Illustration: Harry Campbell
The popularity of high-speed Internet connections and increasingly fast processors has made streaming video and audio a reality for most people. Nearly every news Web site features links to video of current events. Sometimes such videos are cued to play automatically when you visit a particular page. But our growing reliance on the Web to provide news and entertainment in this format also raises our odds of being tricked into triggering an attack through such streamed files.

Case in point: Microsoft just patched a hole in the way that Windows Media Player handles AVI videos, a flaw that could permit an attack program to infiltrate your PC. To display the AVI files, WMP uses a playback technology called DirectShow, a component of Windows DirectX that enables hardware acceleration features and allows applications to display graphics. Without the patch, DirectX versions 7 through 9.0c running under Windows 98 through XP Service Pack 2 are vulnerable to the flaw.
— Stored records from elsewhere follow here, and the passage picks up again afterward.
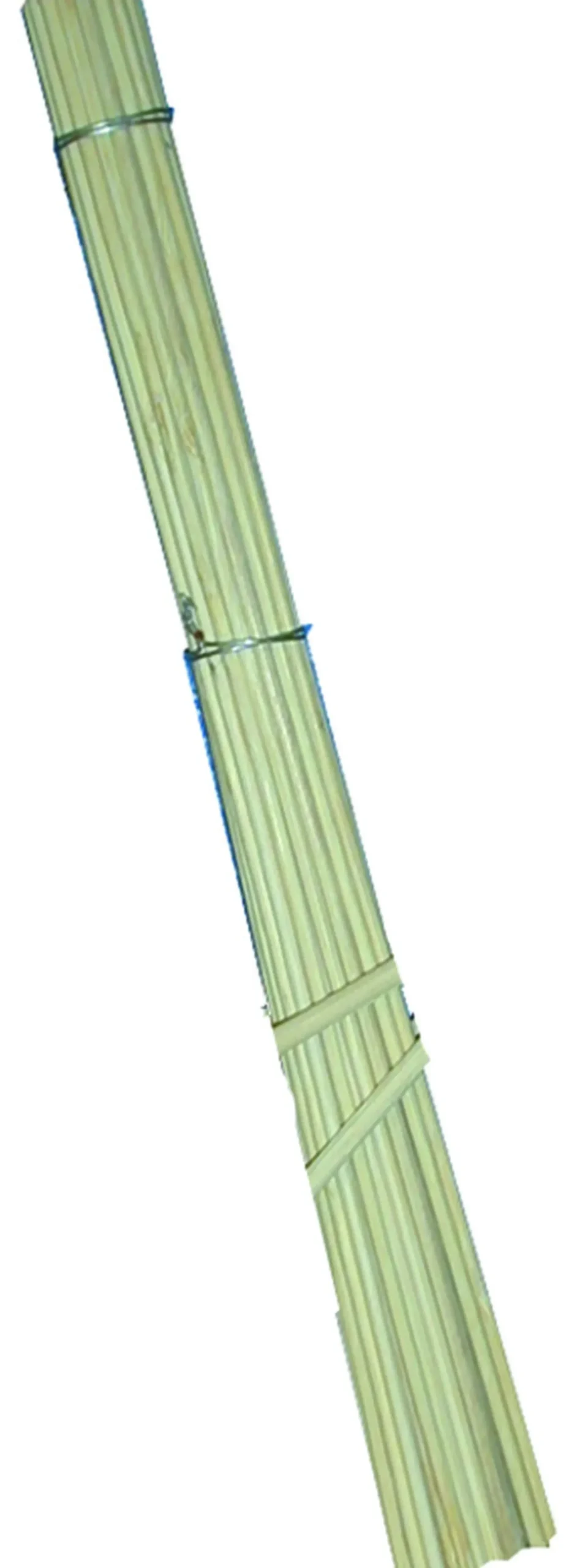 Pinnevisper 30cm
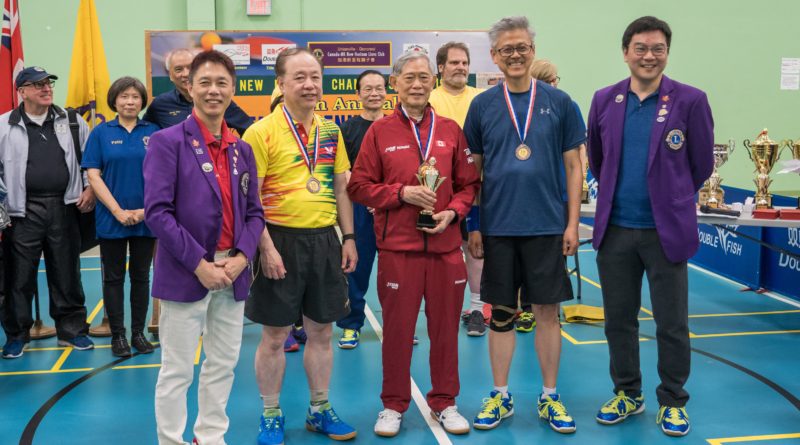 C:\Users\ACheng\Documents\Lion's Club\2019 Table Tennis Tournament\Photo\Photos\dsc03739.jpg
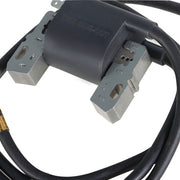 DURAFORCE 394891 394988 Ignition Coil Twin Cylinder L-Head Fit For 392329 16-18 HP Engines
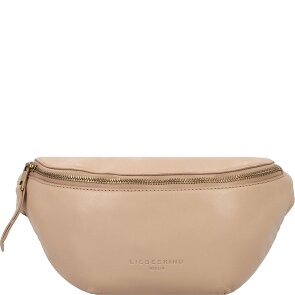 Liebeskind Tavia Gürteltasche Leder 32 cm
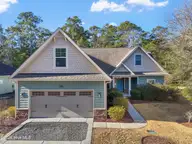 1678 Old Salt Run SW, Shallotte, NC 28470 — 4-bedroom home in Tidewater at Ocean Isle, Shallotte, NC, photo 2 of 73: 1678 Old Salt Run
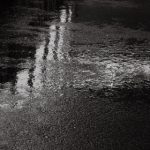 CHINESE中年熟妇FREE 1ub4q3x8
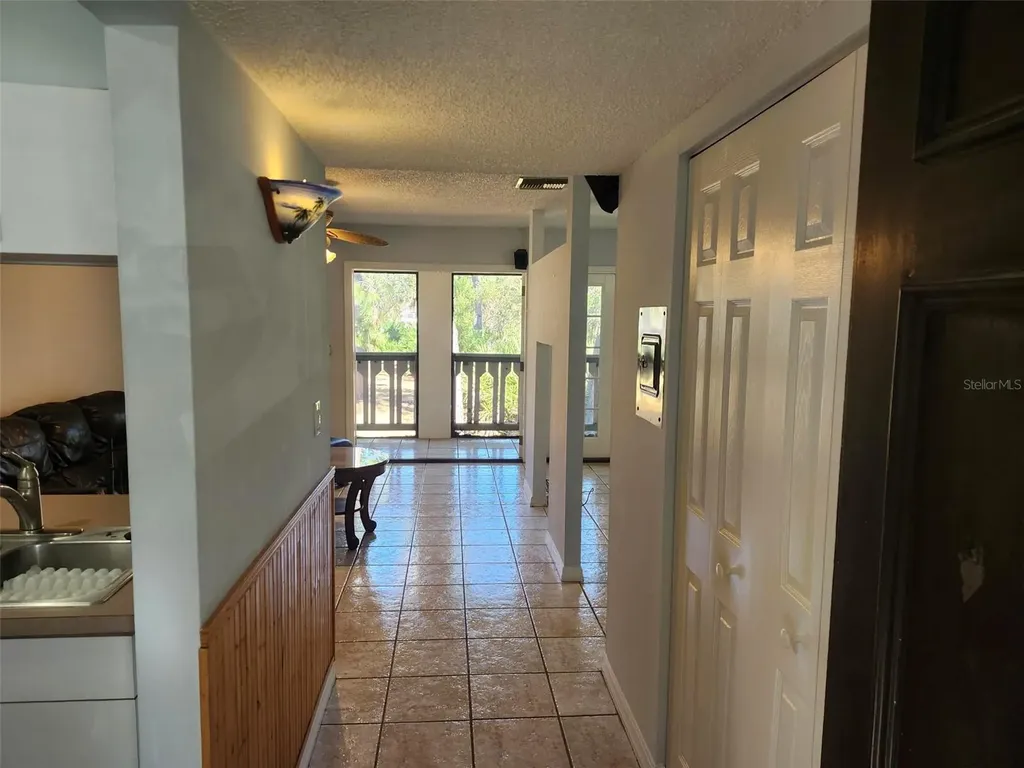 380 N Bayshore Boulevard Clearwater FL 33759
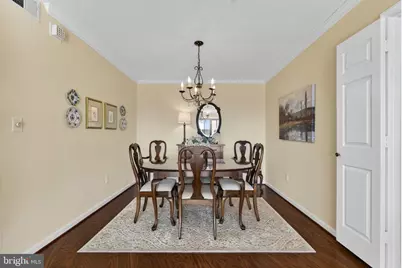 19385 Cypress Ridge Terrace #821, Leesburg, VA 20176 - Photo 17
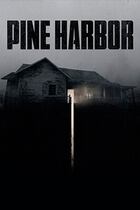 Carátula de Pine Harbor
A researcher at eEye Digital Security identified a way that a bad guy could booby-trap a seemingly benign AVI. The attacker could then embed the poisoned file in a Web page and set it to autoplay in the background, or send it to unsuspecting users as an attachment or a link in an e-mail message. To get you to click, the file could have a title intended to pique your curiosity (say, "Funny Beer Commercial"). But if you clicked, the joke would be on you.

As the poisoned file runs, it purposely sends too much data to the software responsible for playing AVIs in Windows (usually WMP), causing the program to crash and in the process enabling the attacker's hijack code to take over your computer. Play it safe and download the update at Microsoft Security Bulletin MS05-050.

Danger in IE 6

Microsoft also patched a hole in Internet Explorer 6 affecting Windows 98 through XP SP2. The problem has to do with IE mistakenly running certain special communications programs, called COM objects, that Windows uses to swap data between applications, often on different systems. Some COM objects can run in IE, but others should run only in Windows.
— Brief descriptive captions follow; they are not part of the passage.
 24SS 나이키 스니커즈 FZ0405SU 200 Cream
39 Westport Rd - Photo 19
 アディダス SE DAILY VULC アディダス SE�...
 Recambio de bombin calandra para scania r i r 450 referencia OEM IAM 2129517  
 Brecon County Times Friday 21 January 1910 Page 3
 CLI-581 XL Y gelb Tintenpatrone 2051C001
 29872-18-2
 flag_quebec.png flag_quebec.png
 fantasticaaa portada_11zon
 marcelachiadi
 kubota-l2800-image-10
A crook could lure you to a Web page rigged with code that tricks IE into running a specially crafted COM object. This could cause IE to crash and begin running code that could take over your PC.
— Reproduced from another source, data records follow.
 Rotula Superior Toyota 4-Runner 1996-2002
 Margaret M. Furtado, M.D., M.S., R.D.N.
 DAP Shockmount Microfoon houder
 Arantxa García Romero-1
Microsoft says real-world exploits that take advantage of this flaw already exist. Head to Cumulative Security Update for Internet Explorer and download the patch. It is also a cumulative IE update that contains all security patches ever released for IE 6.

In Brief: Skype Patch

Skype has plugged a hole in its Voice-over-IP software (which lets you make free or low-cost phone calls worldwide over the Internet) that could let an attacker control your PC. Attackers gain entry into your computer if you click the wrong link on a Web page or in an e-mail, or if you open a booby-trapped electronic business card called a vCard (a file format standard for exchanging address book information through e-mail). Locate the patch at Skype.